Here's my side garden where santolina that I planted as a cutting has spread wonderfully, interspersed with valerian that decided it wanted a home with us.

Beside it, in the hollow wall, is snow-in-summer - that grows so prolifically everywhere, but I love it, so no worries.

Behind it, you can see a rosemary bush that I use in a favourite lamb dish, plus two daisy bushes that Mum grew for me from cuttings taken from her own plant (Olearia Scilloniensis). They are lovely, but I have reluctantly decided not to take cuttings for my own new garden, because things are so uncertain and we might have to rent for a while, plus these daisy bushes don't grow well in the north away from the seaside.

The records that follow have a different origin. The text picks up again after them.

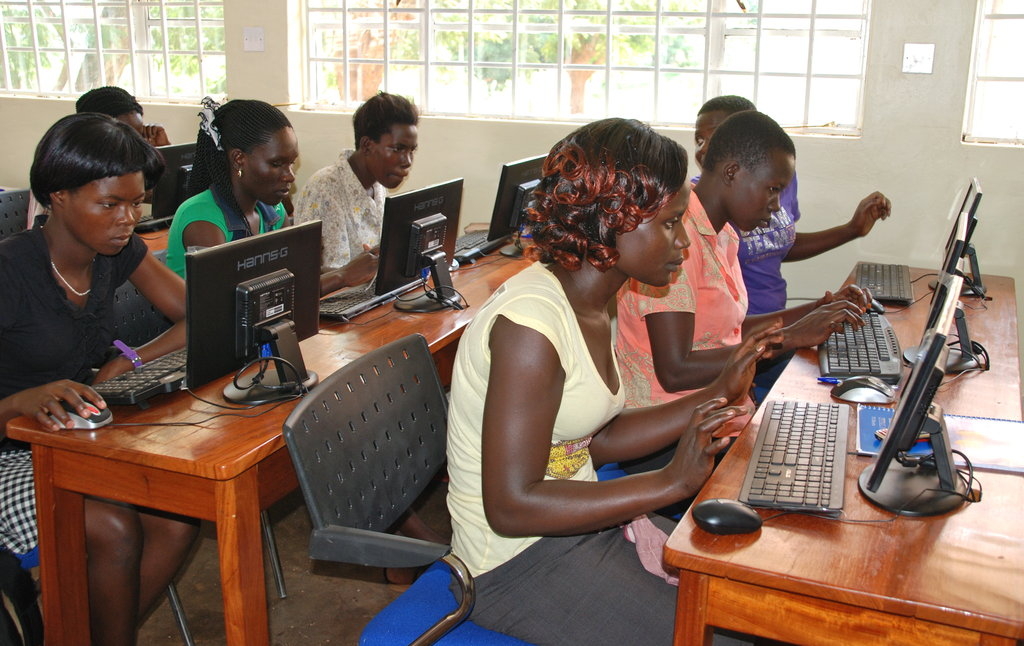 School Management Software in Kenya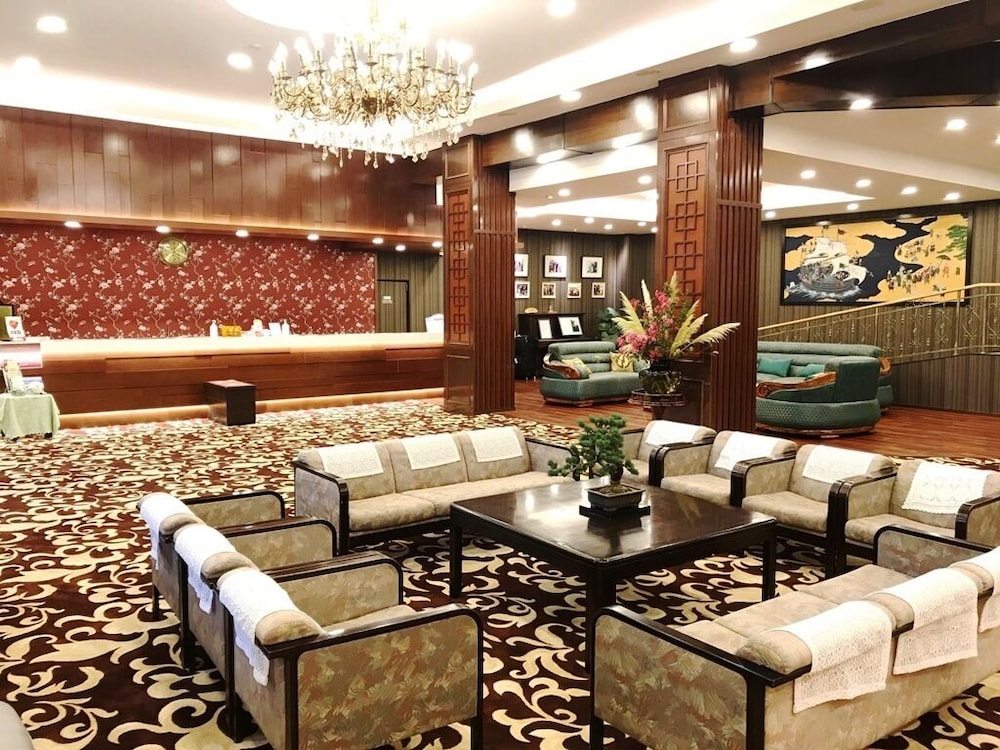 Kokusai Kanko Hotel Kishotei 31/47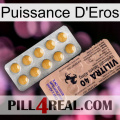 Eros Power 41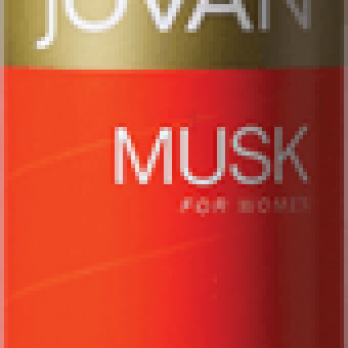 Jovan Musk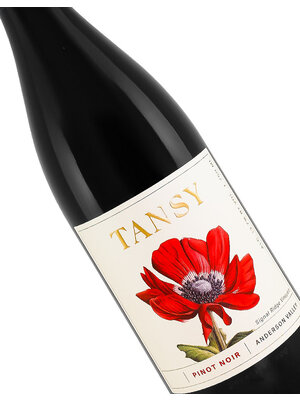 Tansy 2023 Pinot Noir, Signal Ridge Vineyard, Anderson Valley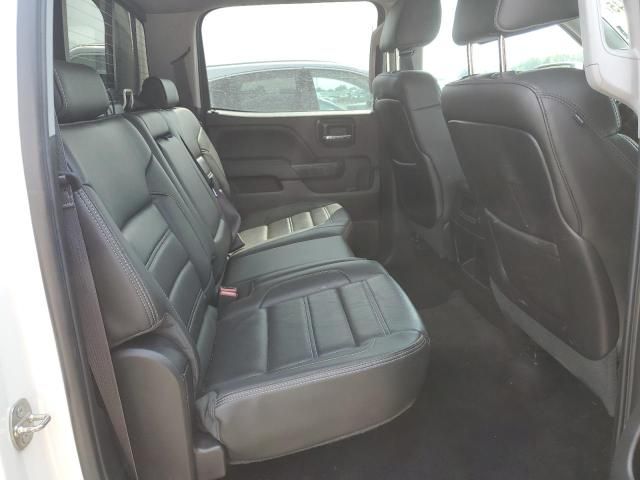 2014 GMC Sierra K1500 Denali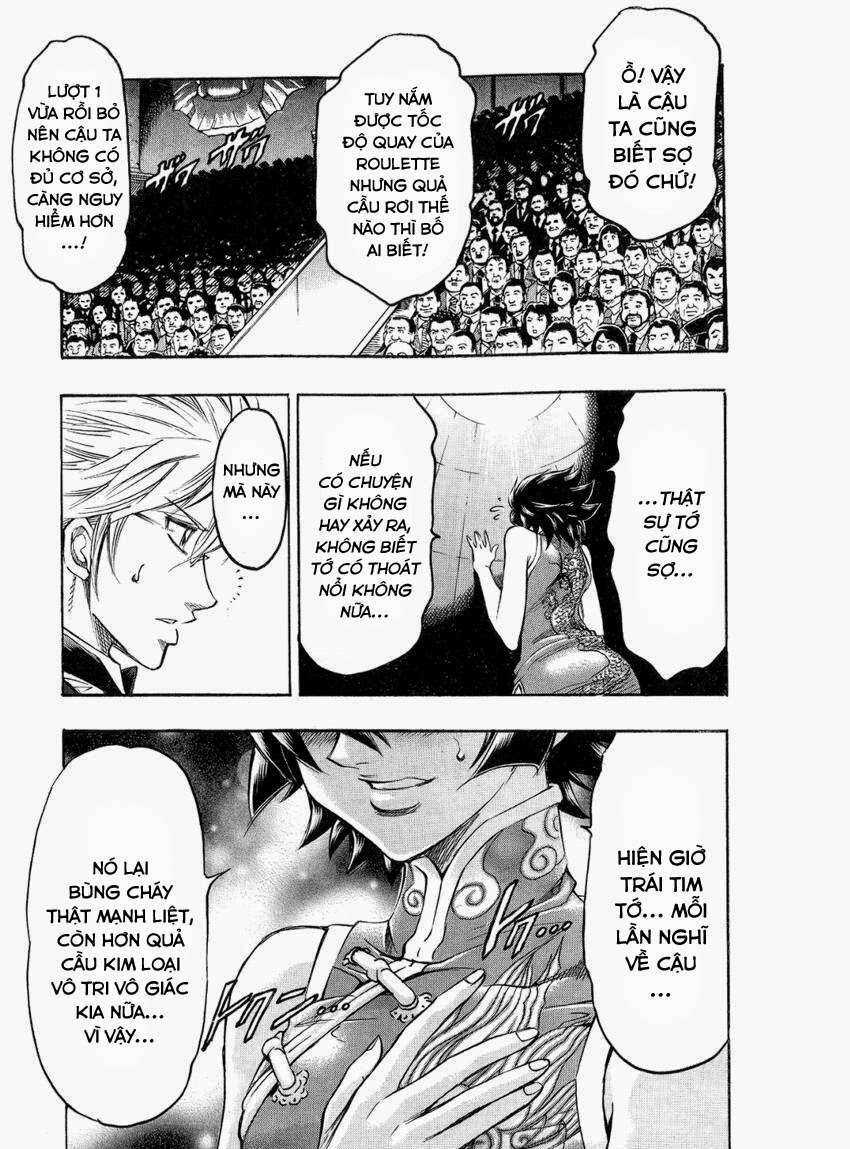 Gamble Fish - Chapter 106 - Trang 6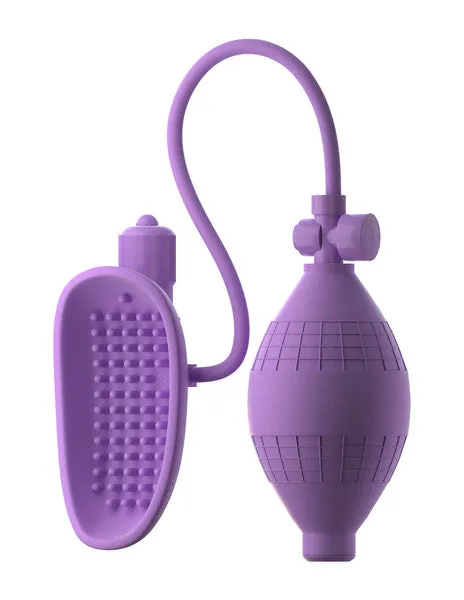 Fantasy For Her Sensual PumpHer Pipedream Products Female Sex Toys Fantasy For Her Sensual PumpHer Pipedream Products Female Sex Toys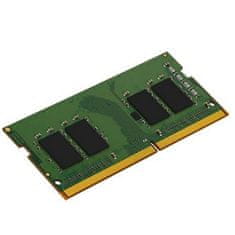 Kingston SODIMM 16GB 3200MHz DDR4 KVR32S22S8/16 ram pomnilnik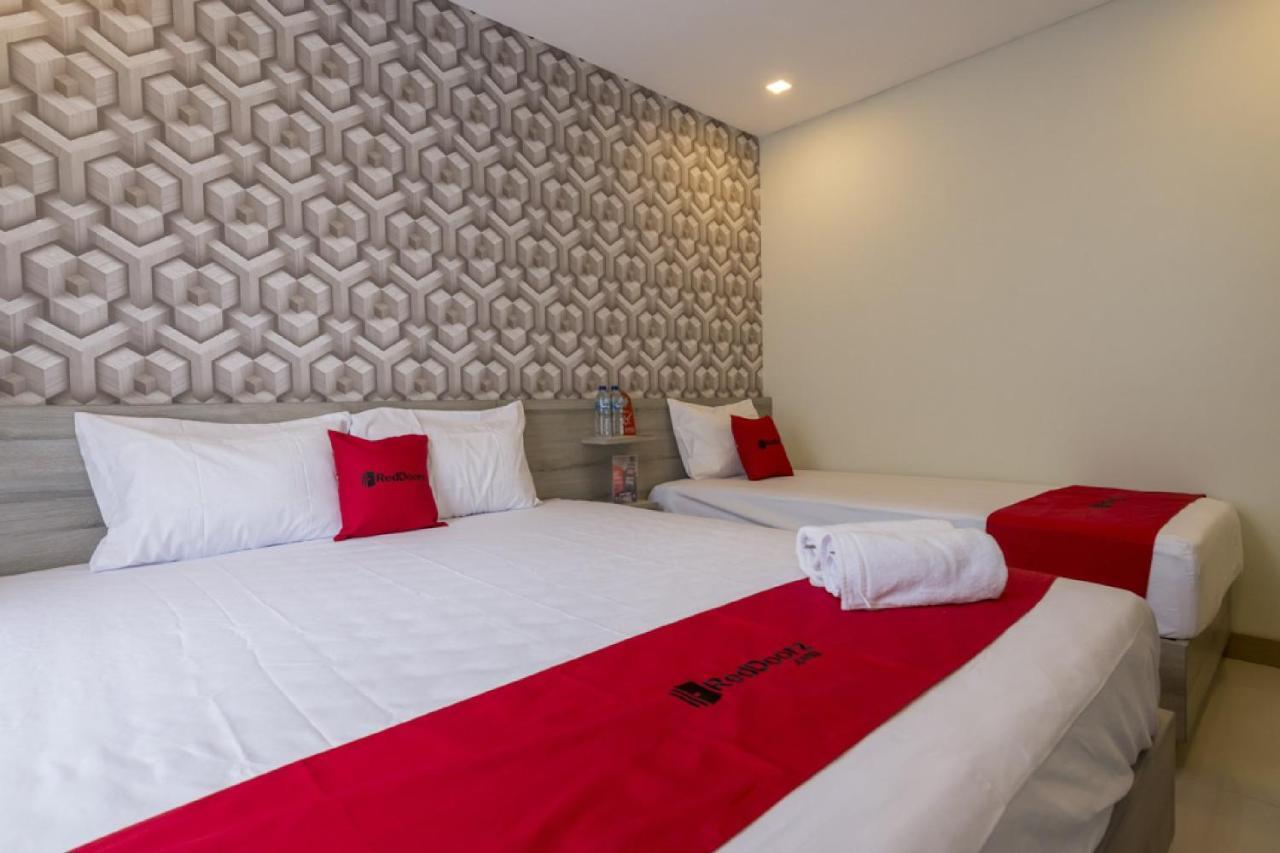 Reddoorz Syariah @ Griya Shanta 玛琅 外观 照片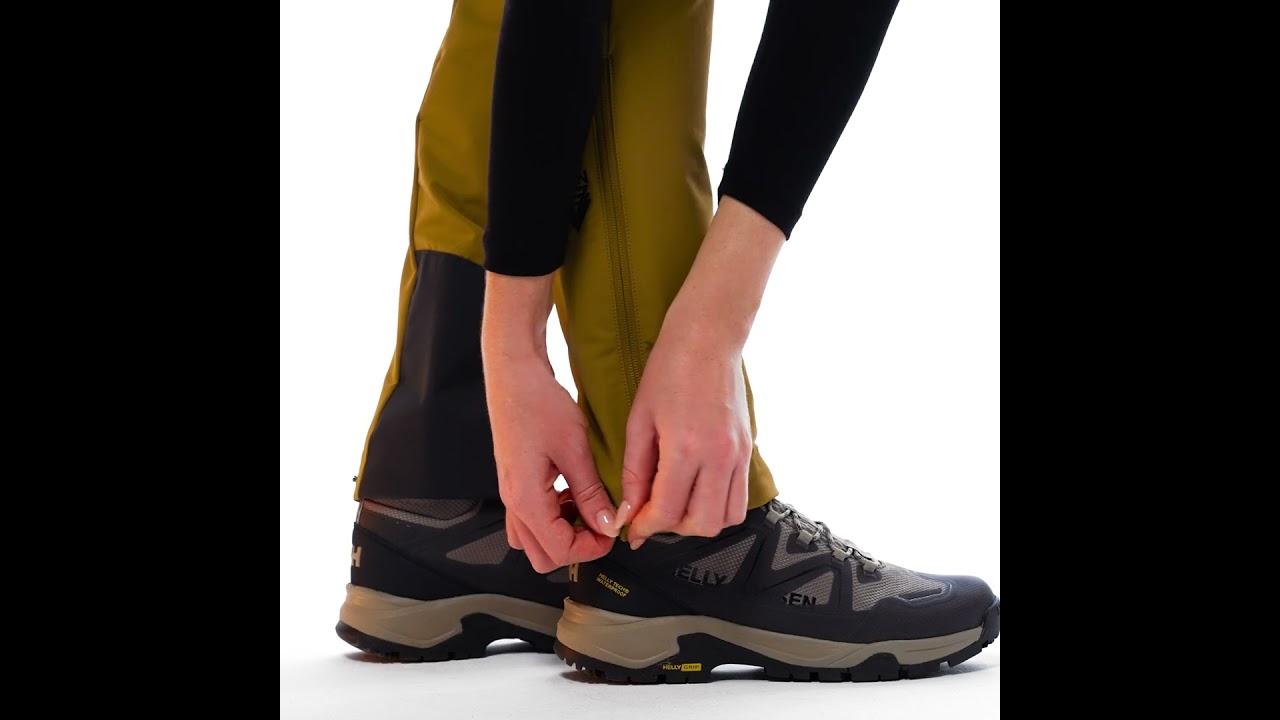 Helly Hansen - Odin Muninn 2.0 Pant - Women's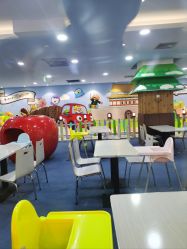 -啵乐乐儿童主题乐园(北京旗舰店)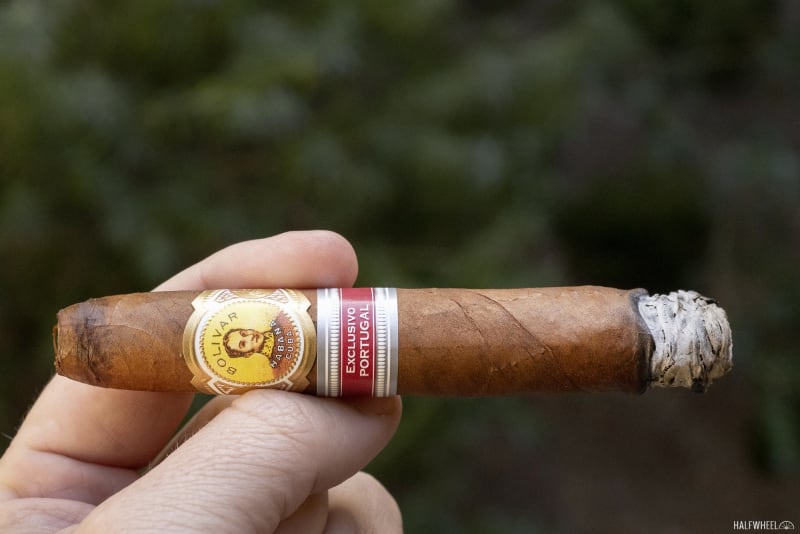 Bolívar Lusíadas (ER Portugal 2017) Image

Right at the back you can see a golden yew that is Taggart's favourite tree.


----------



## Ingélou (Feb 10, 2013)

Here's a paved area at the back where I hoped to stop weeds growing where I couldn't reach them, under the yellow eleagnus bush that grew huge. However, over the winter, Taggart cut it right back - he loves chopping and hacking, *his* sort of gardening!

On this photo, the eleagnus to the left and the cotoneaster conspicuus decorus to the right are merely well-behaved shadows.


----------



## Ingélou (Feb 10, 2013)

Here's a view of the Cotoneaster Conspicuous Decorus in full bloom - I planted it as a dwarf shrub, but clearly it hadn't read the manual. The wild bees love it.


----------



## Ingélou (Feb 10, 2013)

Finally (for today) - 
What I am thinking of doing, if we do manage to get the house we want to buy, is planning a small memorial garden for Mum with the plants that she loved: any sort of daisy (her name was Margaret), heather, lavender, sisyrinchium, Welsh poppies, primroses and Virginia stock.

I'll leave it till next year, though, to see where the sun shines and doesn't, and to see what grows well in the gardens round about.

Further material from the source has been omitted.